3. If the deceased made no Will, how can the relevant estate be distributed?

The order of priority under the law relating to the entitlement of the deceased's estate is similar to the order relating to the eligibility to apply for a Grant of Letters of Administration (please refer to the relevant question and answer).

In reality, it often happens that 2 or more parties who are entitled to the assets survive and may claim the deceased's estate together. The followings are some of the usual scenarios. For details, please refer to section 4 of the Intestates' Estates Ordinance.

(A) The deceased only leaves a spouse

If the deceased leaves a spouse, but leaves no issue, parent, brother or sister of the whole blood (the same parents), or issue of a brother or sister of the whole blood, then the surviving husband or wife is absolutely entitled to the residuary estate (i.e. the whole sum after deduction of the deceased's debts, taxes, funeral, legal and administration expenses from the estate).

(Note: "Issue" has a special meaning in the succession law which is different from the daily usage. It means any descendants of a person.)

(B) The deceased leaves a spouse and issue

If the deceased leaves a spouse and issue, whether or not survived by his/her parents or siblings, the surviving spouse could take the following first:

  1. all of the deceased's personal chattels;
  2. a sum of $500,000 from the residuary estate.

After the aforesaid $500,000 is paid out, if there is any remaining sum, it would be divided in half. One half will be distributed to the surviving spouse and the other half will be divided equally amongst the child/children of the deceased.

(C) The deceased leaves a spouse, parents and siblings, but no issue

If the deceased has issue, the deceased's parents, brothers and sisters cannot obtain anything even if the deceased's spouse has predeceased (die before) the deceased.

Only if the deceased has no issue can the parents and siblings have a share in the deceased's estate, even if his/her spouse survives . The surviving spouse could take the following first:

  1. all of the deceased's personal chattels;
  2. a sum of $1,000,000 from the residuary estate.

After the aforesaid $1,000,000 is paid out, if there is any remaining sum, it would be divided in half. One half will be distributed to the surviving spouse and the other half will be distributed to the surviving parent(s).

On the other hand, if one or both parents survive, the siblings cannot obtain a share of the deceased’s estate.
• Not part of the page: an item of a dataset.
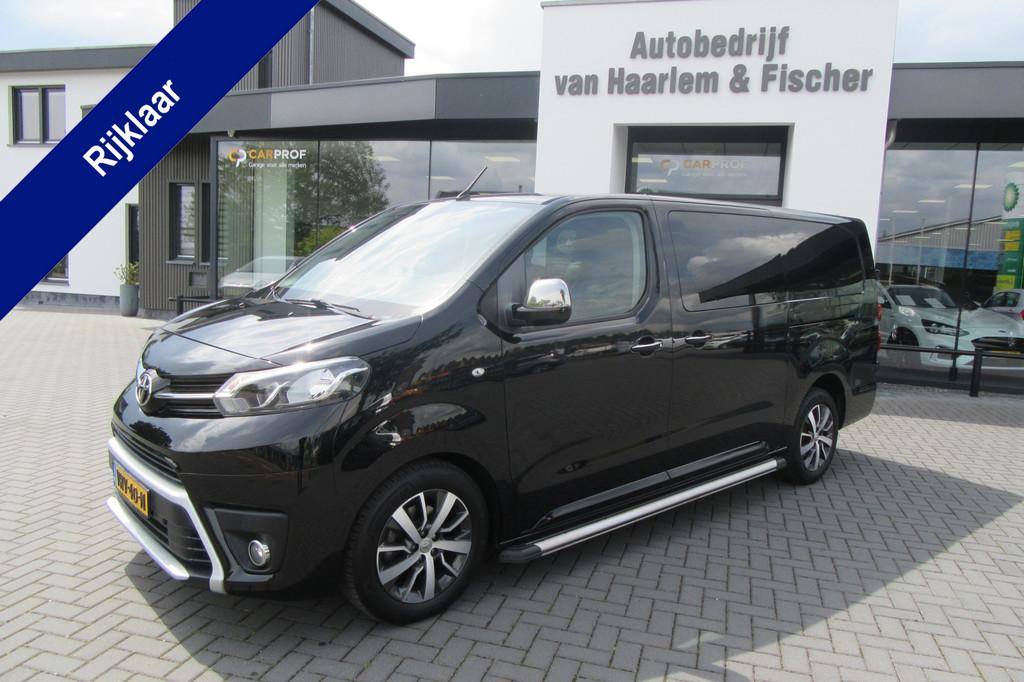 Toyota ProAce Worker 2.0 D-4D Automaat Professional Long DC,, Auto's, Bestelauto's, Gebruikt, Euro 6, 4 cilinders, Zwart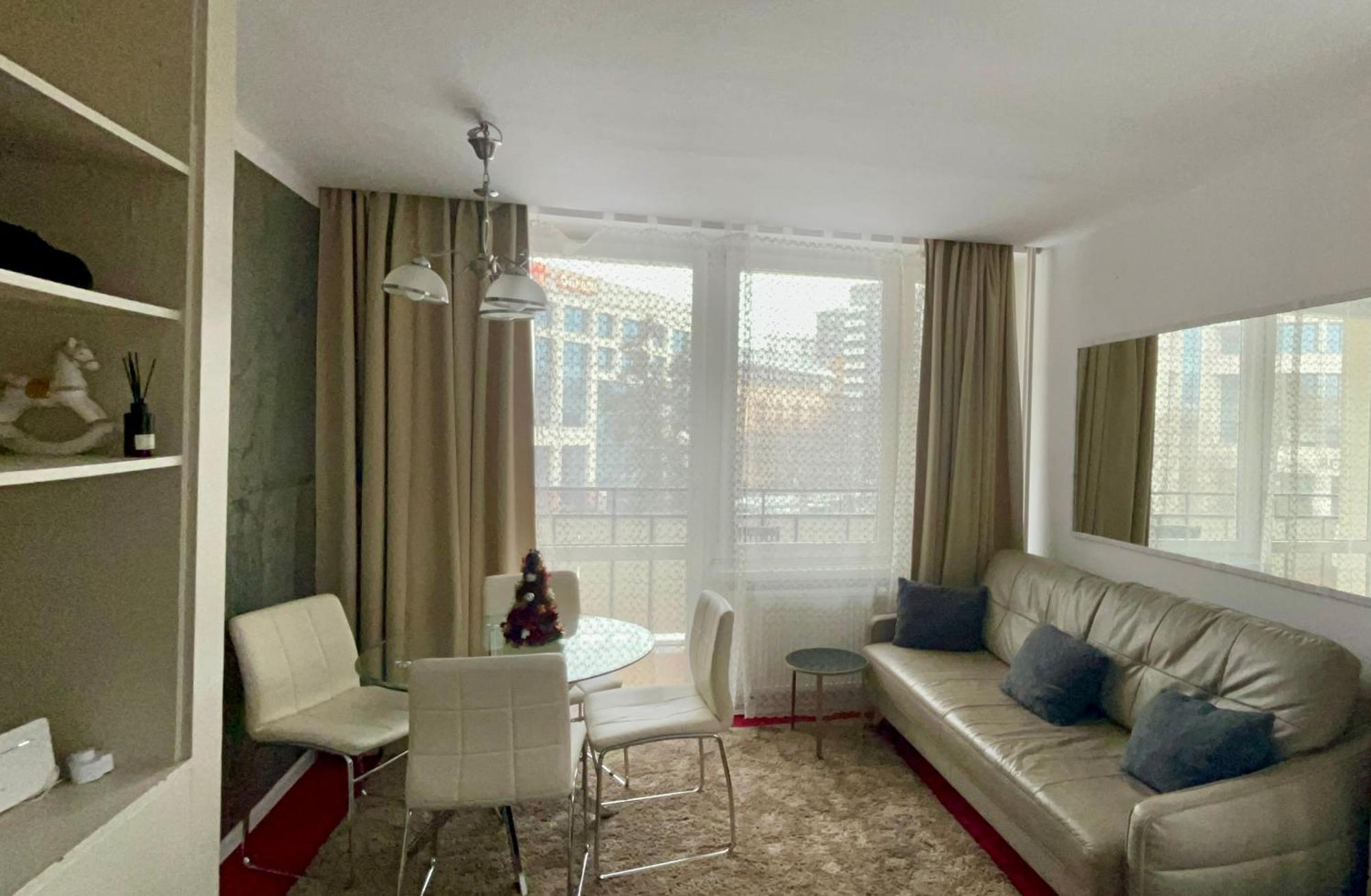Perfect Location Two Bedrooms With Balkony Varsóvia Exterior foto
They will only be entitled to part of the estate (after deduction of the spouse's entitlement) if the deceased leaves no issue and no parents.

(D) The share of "illegitimate children"

An illegitimate child means a child whose natural parents are not married in a manner that the laws of Hong Kong recognize. For details of legal marriage, please go to the topic of "Matrimonial Matters".

Before the 19th June 1993, illegitimate children were not entitled to succeed to their deceased father's estate if their father died intestate (without a Will). Illegitimate children could succeed to their mother’s estate on her intestacy, but only when there were no surviving legitimate children. If the deceased parent had a Will and he gave "his children" a gift or a sum of money to share, the illegitimate children were not entitled to share in the gift.

However, this position has been changed by the Parent and Child Ordinance. Illegitimate children can now enjoy the same succession rights as legitimate ones if their parents die after 19 th June 1993 .

One point to note is that for those adopted children (i.e. they have been adopted by persons through a legal adoption process), they have the same status as the natural children. In other words, they shall be treated as the children of the adopter but not the children of any other persons.